Supervisor Robert Karcher said Friday board members will discuss the survey then go over some resolutions at the meeting. The proposed 380 megawatt Alle-Catt Wind Farm would have 24 wind turbines in Farmersville up to 585 feet tall from tip to ground.
Karcher said the town plans to complete and resubmit an environmental assessment form for the proposed town wind turbine law to the Cattaraugus County Planning Board for its review when considering whether to address the wind law.
Farmersville’s wind law was rejected by the county planning board last summer as incomplete. The environmental form was only partially filled out, an attorney for Farmersville residents opposed to the wind farm pointed out.
That sparked the planning board to ask the Town of Freedom to rescind its new wind law, which was approved by the planning board without the same environmental assessment.
Town board members have to review the many letters received since a public hearing on the wind law in October, Karcher said. Large binders with copies of the letters will be given to the town board.
Karcher does not see the town board voting on the wind law before its January meeting at the earliest. He noted earlier projections of when the board would vote on the law have come and gone.
Karcher also said a news article last month on municipal officials in Cattaraugus and Allegany counties with apparent conflicts listed Farmersville Town Board member Richard Zink. Karcher said Zink’s parents who have leases with Invenergy live in Freedom, not Centerville. Karcher said at the time he did not consider that a conflict.
Ginger Schroder, an attorney for Farmersville United, a group generally opposed to the wind turbines without greater setbacks and noise levels, said, “We called for a poll a long time ago. What they are asking doesn’t make sense.”
Schroder said the town board appears to be leaning toward giving the owner of each parcel in the town a vote, not just letting each resident cast one vote.
Residents have made their feelings known during two public hearings, where they “packed the house” at the Farmersville firehall, Schroder said. Few people without wind turbines proposed for their properties or rights of way for underground power lines have voiced support for the project, she said.
“What they should be asking in the survey is what safety measures shall we put in place?” Schroder said.
Greater setbacks wouldn’t increase safety, according to officials at Invenergy, the Alle-Catt Wind Farm developer.
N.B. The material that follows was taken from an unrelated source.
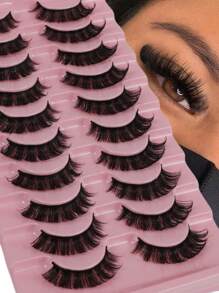 10 pares de pestañas postizas de visón falso ruso, pestañas postizas dramáticas y esponjosas de 3D, kit de extensión de pestañas que alarga y volumiza, productos de belleza y maquillaje - Negro - Ver 6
It will decrease the number of wind turbines in the town and Farmersville’s revenue, which is estimated at $360,000 between host community fees and payments in lieu of taxes.
Invenergy officials emphasize municipal and landowner payments plus payroll at around $7 million a year across the five towns in three counties.
Besides Farmersville and Freedom in Cattaraugus County, the towns of Centerville and Rushford in Allegany County are included and the town of Arcade in Wyoming County.
Schroder said she was glad to hear Farmersville planned to complete parts 2 and 3 on the environmental assessment form for the county planning board.
The town board won’t be able to complete parts 2 and 3 without concluding that the project is environmentally significant, she said. That will trigger more studies.